Extracted records Start Marker

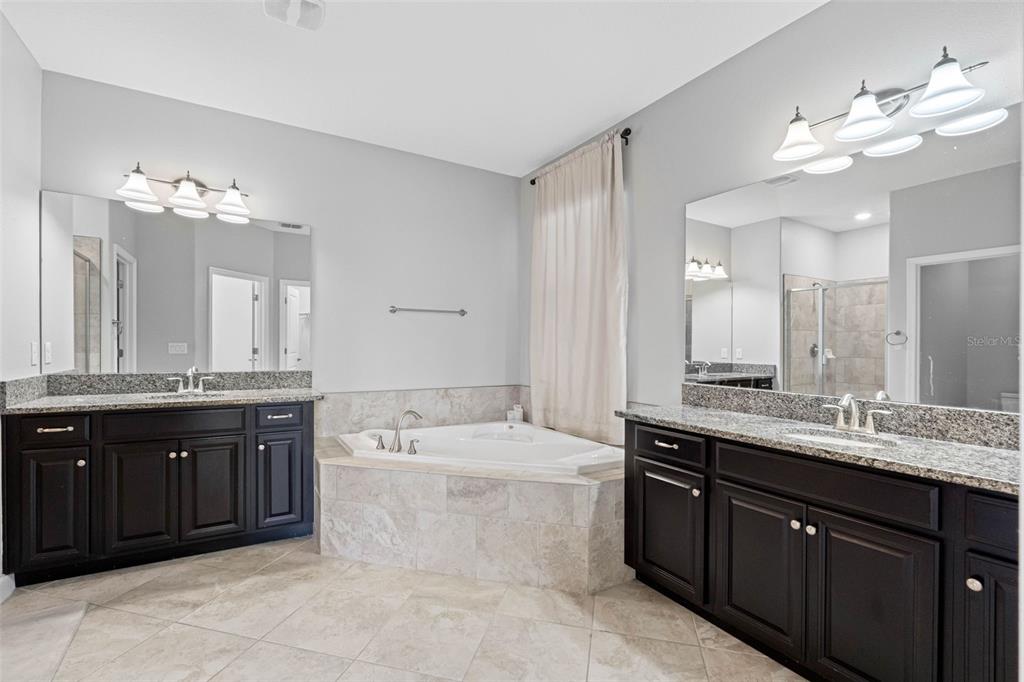 10066 Victory Gallop Loop Ruskin, FL 33573 - Photo 30 of 86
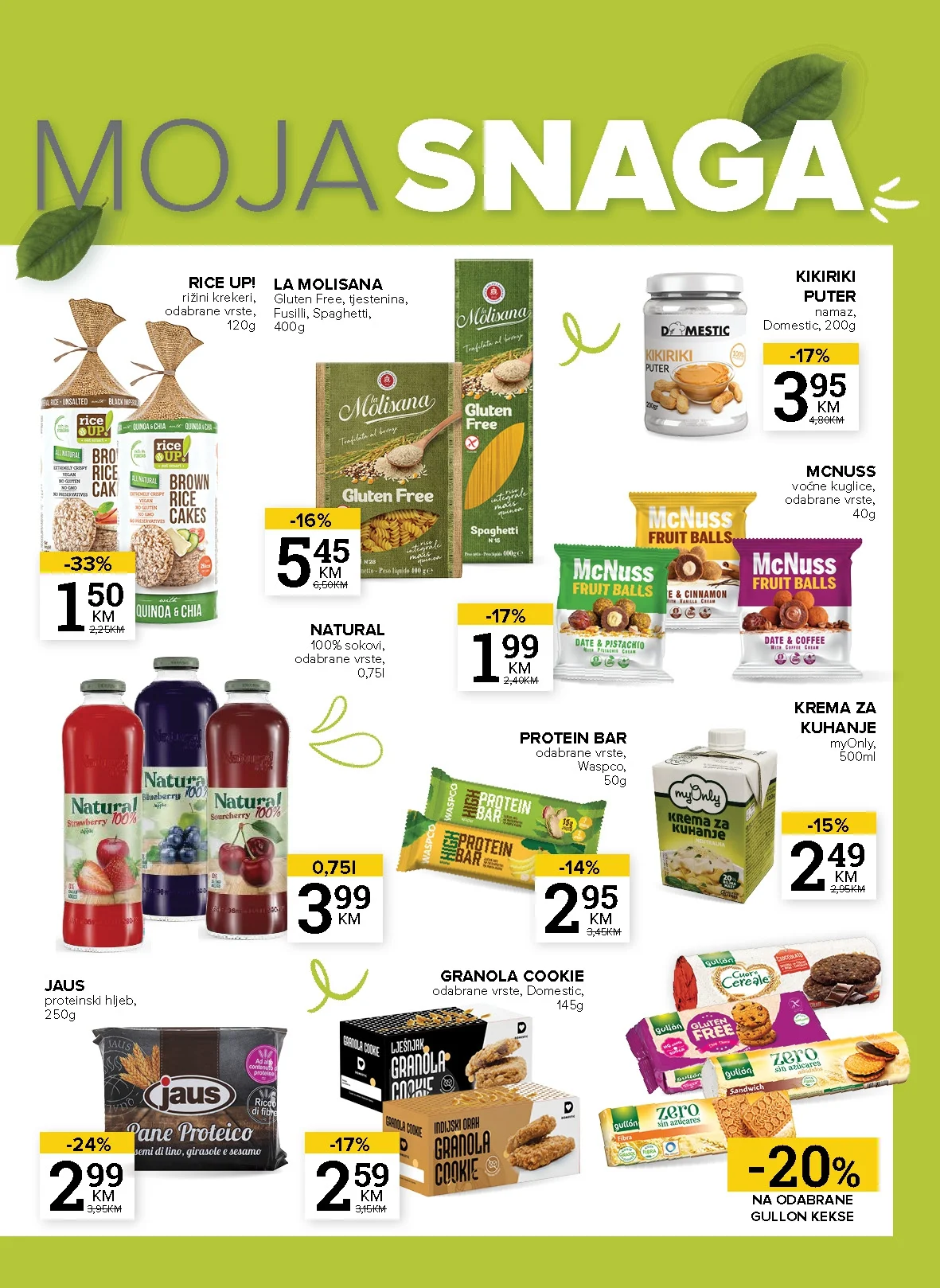 Konzum katalog 13-19.1.2026.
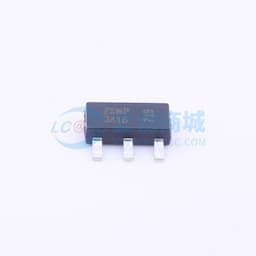 ZXMP3A16GTA缩略图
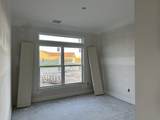 4304 Sunny Ct - Photo 25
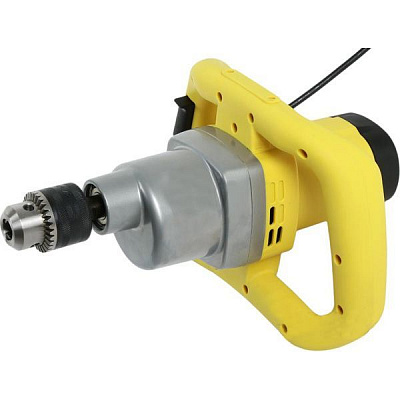 Дрель-миксер Compass Z1J-1300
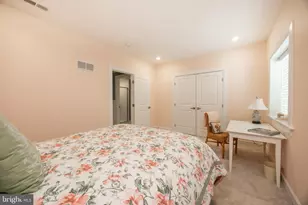 1027 Bollinger Ln, West Chester, PA 19380 - Photo 35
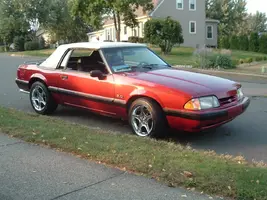truckstang%20006[1].webp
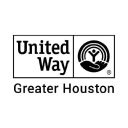 United Way of Greater Houston - logo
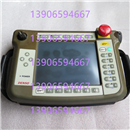 TP-RC5-1 DENSO机器人示教器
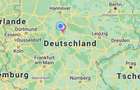 Casa + teren de vanzare in Germania Hanover Gottingen - 7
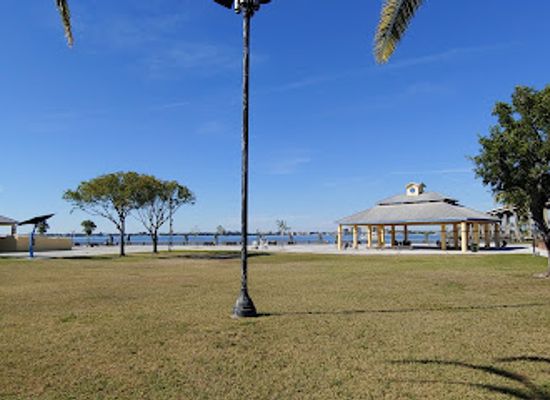 florida/fort-myers/landmark/centennial-park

Extracted records End Marker

=== What you have to do ===
Copy the data character for character, but drop all pictures from the copy.

=== Task solution ===
 10066 Victory Gallop Loop Ruskin, FL 33573 - Photo 30 of 86
 Konzum katalog 13-19.1.2026.
 ZXMP3A16GTA缩略图
 4304 Sunny Ct - Photo 25
 Дрель-миксер Compass Z1J-1300
 1027 Bollinger Ln, West Chester, PA 19380 - Photo 35
truckstang%20006[1].webp
 United Way of Greater Houston - logo
 TP-RC5-1 DENSO机器人示教器
 Casa + teren de vanzare in Germania Hanover Gottingen - 7
 florida/fort-myers/landmark/centennial-park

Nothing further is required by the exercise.